Location
- Baldridgeburn Dunfermline, Fife, KY12 9EE Scotland
- 56°04′37″N 3°28′18″W﻿ / ﻿56.076866°N 3.471686°W

Information
- Type: Non-denominational
- Established: 1842; 184 years ago
- Founder: Reverend Allan McLean
- Local authority: Fife Council
- Head teacher: Gillian Souter
- Age: 3 (nursery) to 12 (Primary 7)
- Enrolment: 378 with another 69 nursery
- Website: https://blogs.glowscotland.org.uk/fi/mcleanprimaryschool/

= McLean Primary School =

McLean Primary School is located in the centre of Dunfermline, Fife, Scotland. The head teacher is Gillian Souter Pupils from the school progress onto Queen Anne High School. The building is a category C listed building.

==History==
McLean Primary School was first established in 1842 through a bequest by Reverend Allan McLean, a minister at Dunfermline Abbey. His bequest stated that the school was to ensure that education for working class children was to be provided at a low cost.
In 1896, the school moved from Golfdrum Street to a new building in Baldridgeburn which was designed by Andrew Scobie and opened by Scottish-American entrepreneur, Andrew Carnegie. A ceremonial key from the school's opening is on show at Andrew Carnegie's Birthplace Museum, also in Dunfermline.

During the first world war, McLean school was used as an army barracks for soldiers stationed in Dunfermline. Air raid shelters were provided in the second world war and the students had ARP (Air Raid Precaution) training regularly. In the 1930s, the head teacher Norman Johnson helped pioneer the use of film in schools.

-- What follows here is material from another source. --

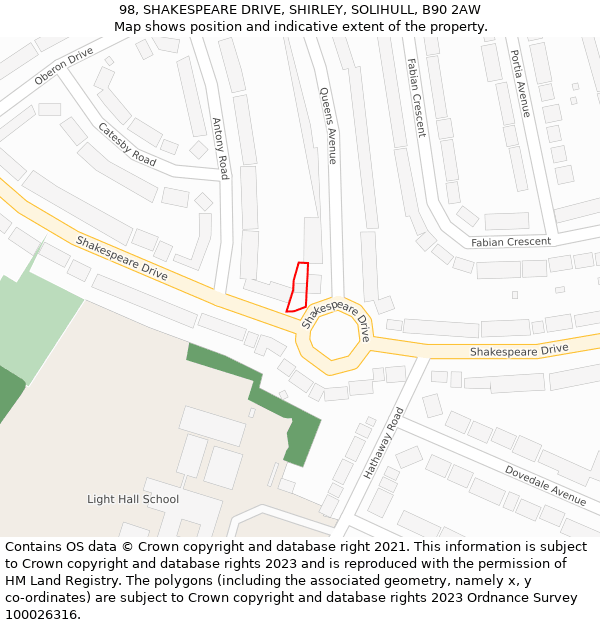 98, SHAKESPEARE DRIVE, SHIRLEY, SOLIHULL, B90 2AW: Location map and indicative extent of plot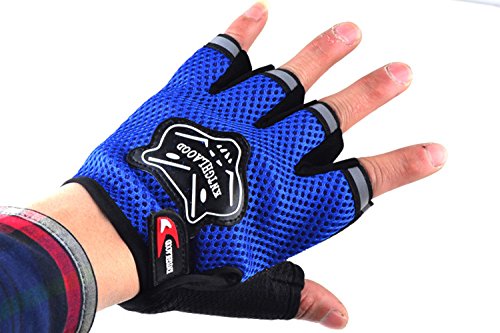 ZOONAI Cycling Gloves Boy Girl Child Children Mountain Bike Gloves Half Finger Biking Gloves Breathable Cycle Gloves (Blue)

Extensions were made to the building between 1913 and 1915 and again in 1946. The original school building opened in 1896 is still in use today but was altered significantly in 1984 to modernise the interior. A new nursery was built in the northern part of the school grounds in 2000.

==Structure==
McLean Primary School has thirteen classes from Primary 1 through to Primary 7 as well as separate nursery classes both in the mornings and afternoons.